By 1993 Tribes quickly grew into a salon, art gallery, and small press; a non-profit multi-cultural cross-disciplinary arts organization, which Steve Cannon ran from his home (a three story-brownstone) in New York’s Lower East Side, on Avenue C and East 3rd Street, to be exact.
The organization hosted numerous exhibitions, supporting a many notable artists, writers and musicians such as the Sun Ra Arkestra, Billy Bang, D.J. Spooky, David Henderson, Louis Elaine Griffith, Eileen Myles, Patricia Spears Jones, Quincy Troupe, Butch Morris, John Farris, Bob Holman, Ishmael Reed, Billy Bang, Max Blagg, Carl Hancock Rux, David Hammons, and countless others.

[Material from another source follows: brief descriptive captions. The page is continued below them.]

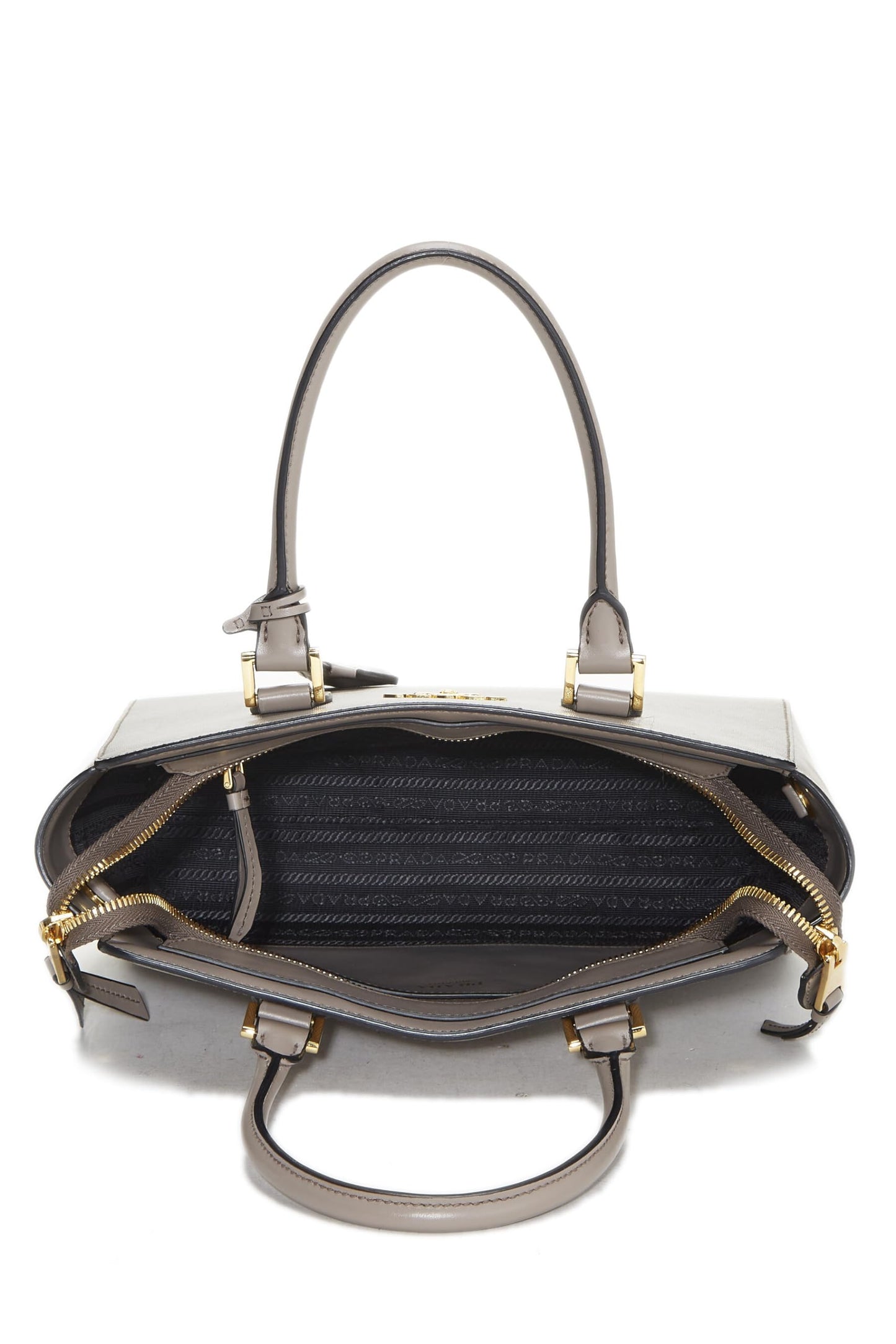 Prada, Grey Saffiano Convertible Handbag Small, Grey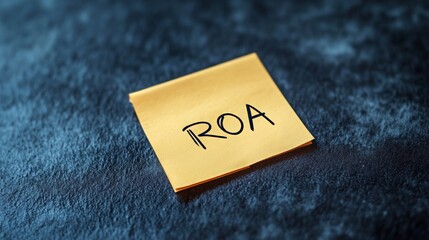 ROA text on office yellow paper sticker , Return on Assets (ROA) is a type of return on investment (ROI) metric that measures the profitability of a business in relation to its total assets, 16:9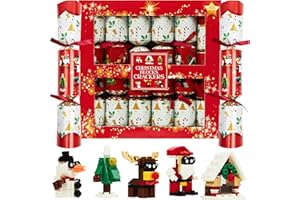 KreativeKraft Christmas Crackers No Snap Fun Party Favors with Hats, Jokes & Surprise Festive Figure Prizes, Christmas Decorations Holiday Gift (Multi Blocks)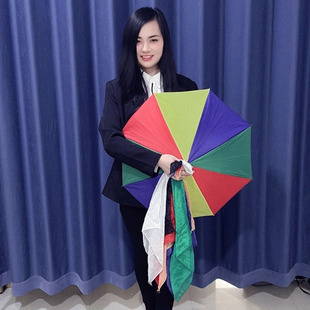 魔术道具六连巾变伞 舞台变伞 丝巾变伞 年会 晚会 速成魔术 滚巾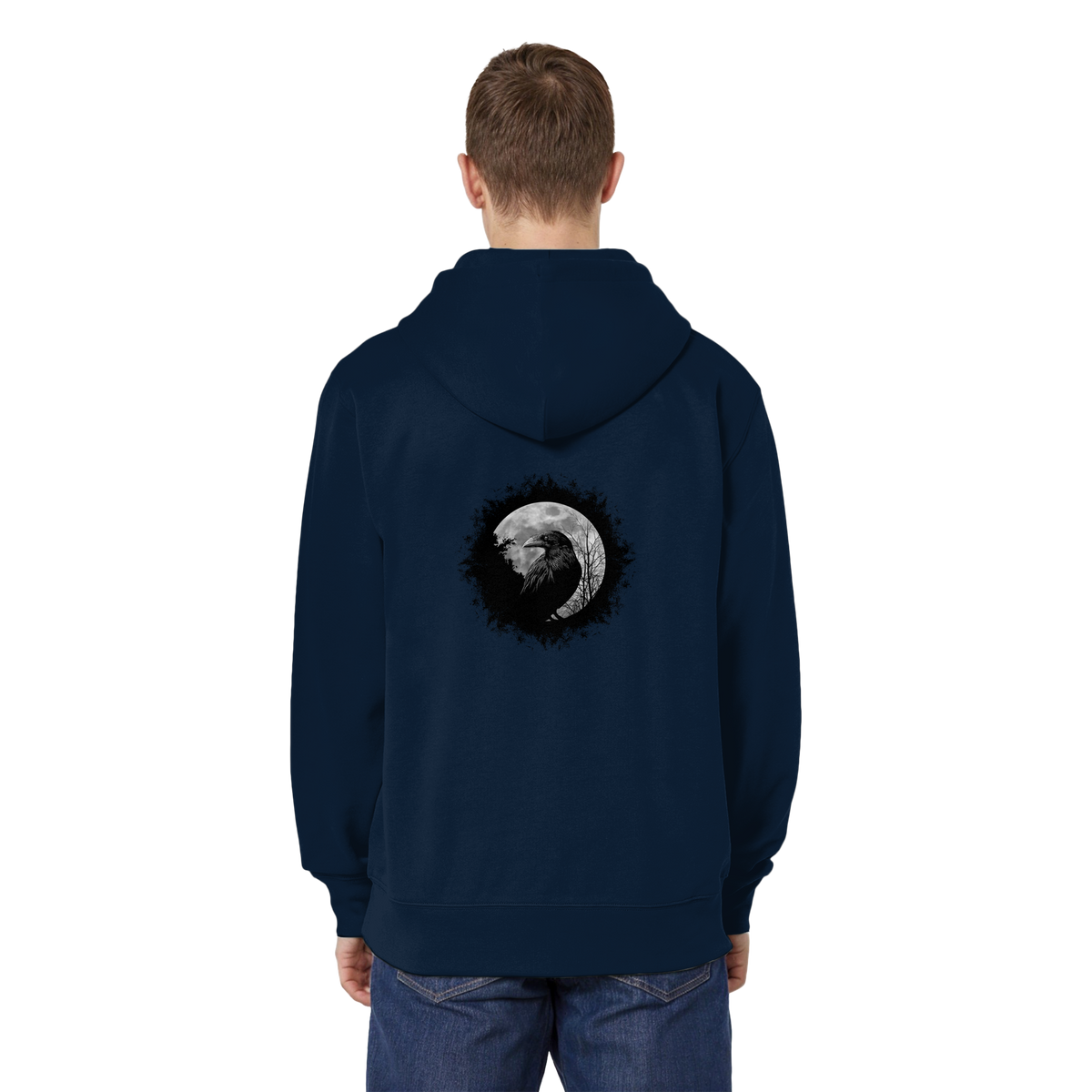 Schwarzer Rabe bei Vollmond  - Organic Relaxed Zipper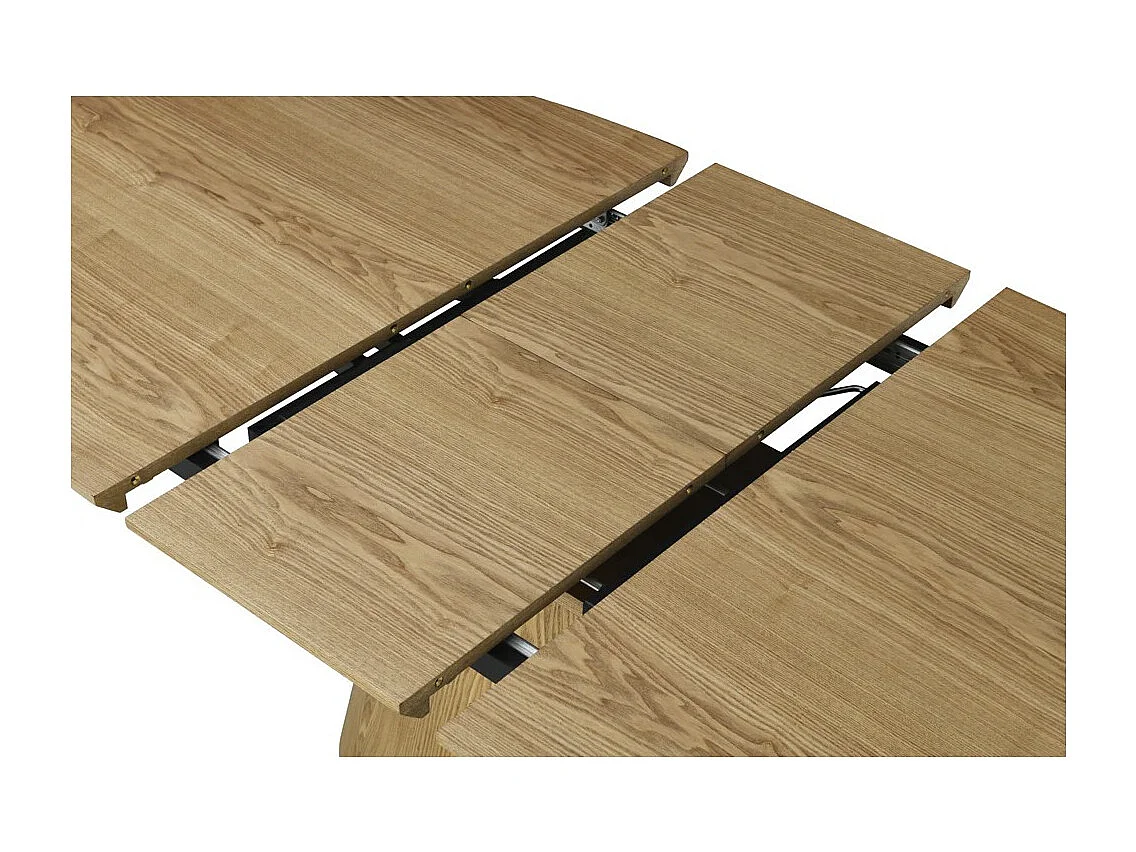 Table de salle à manger LUMEA – Ovale extensible 160 à 200 cm – Aspect bois – Style rustique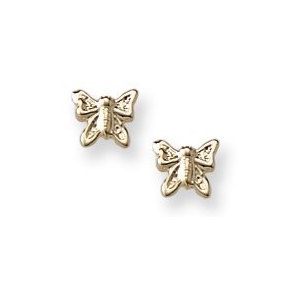 14K Yellow Gold Butterfly Children Post Earrings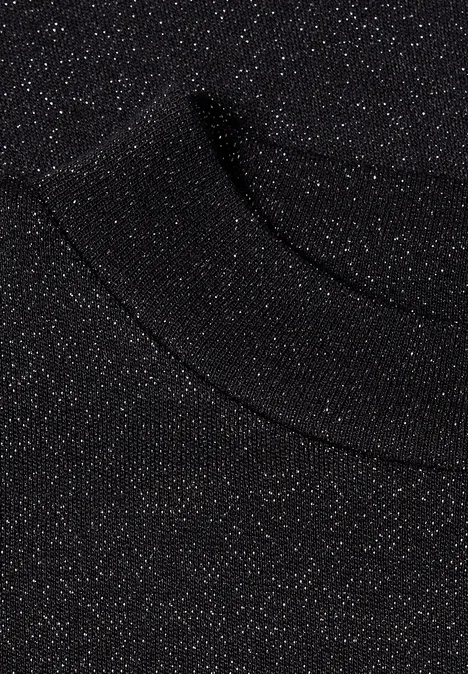 Shirt met lange mouwen, col en glitters Black Zwarte, glinsterende stof met fijne zilverkleurige deeltjes, mogelijk een trui of T-shirt.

Steve Cannon was one of 13 children, born in New Orleans, Louisiana in 1935. He moved to New York City in 1962 after receiving his PhD in World History from the London School of Economics. Steve served as a Professor of the Humanities at Medgar Evers College for many years.
In 1969 Cannon penned the novel Groove, Bang and Jive Around published by Olympia Press (Maurice Girodias), which author Ishmael Reed called the precursor to rap and author Darius James called in the New York Press "an underground classic of such legendary stature that New York's black cognoscenti have transformed the work into an urban myth.” It sold 150,000 copies in the first year of publication.
Cannon, along with Joe Johnson and Ishmael Reed, began an independent publishing house that focused on multicultural literature in the 1970s called Reed, Cannon and Johnson. In 1973 he also collaborated with Reed to interview the first Black sci-fi writer, George S. Schuyler, for Yardbird II, Reed's own publication.
Cannon met his friend, artist David Hammons, on a park bench in the 1970s. The two have collaborated on certain works, including Invisible Paintings, where he traced Cannon's painting collection with pencil and then removed the physical works. Hammons once bottled Cannon's voice speaking poems. Cannon has written poems about Hammons’ work and made public appearances for him.
In the late 80’s he suffered loss of his eyesight to glaucoma. Shortly after losing his eyesight, he retired from teaching, founded A Gathering of the Tribes, and converted a portion of his home into an art gallery and open-door salon, and the rest is history.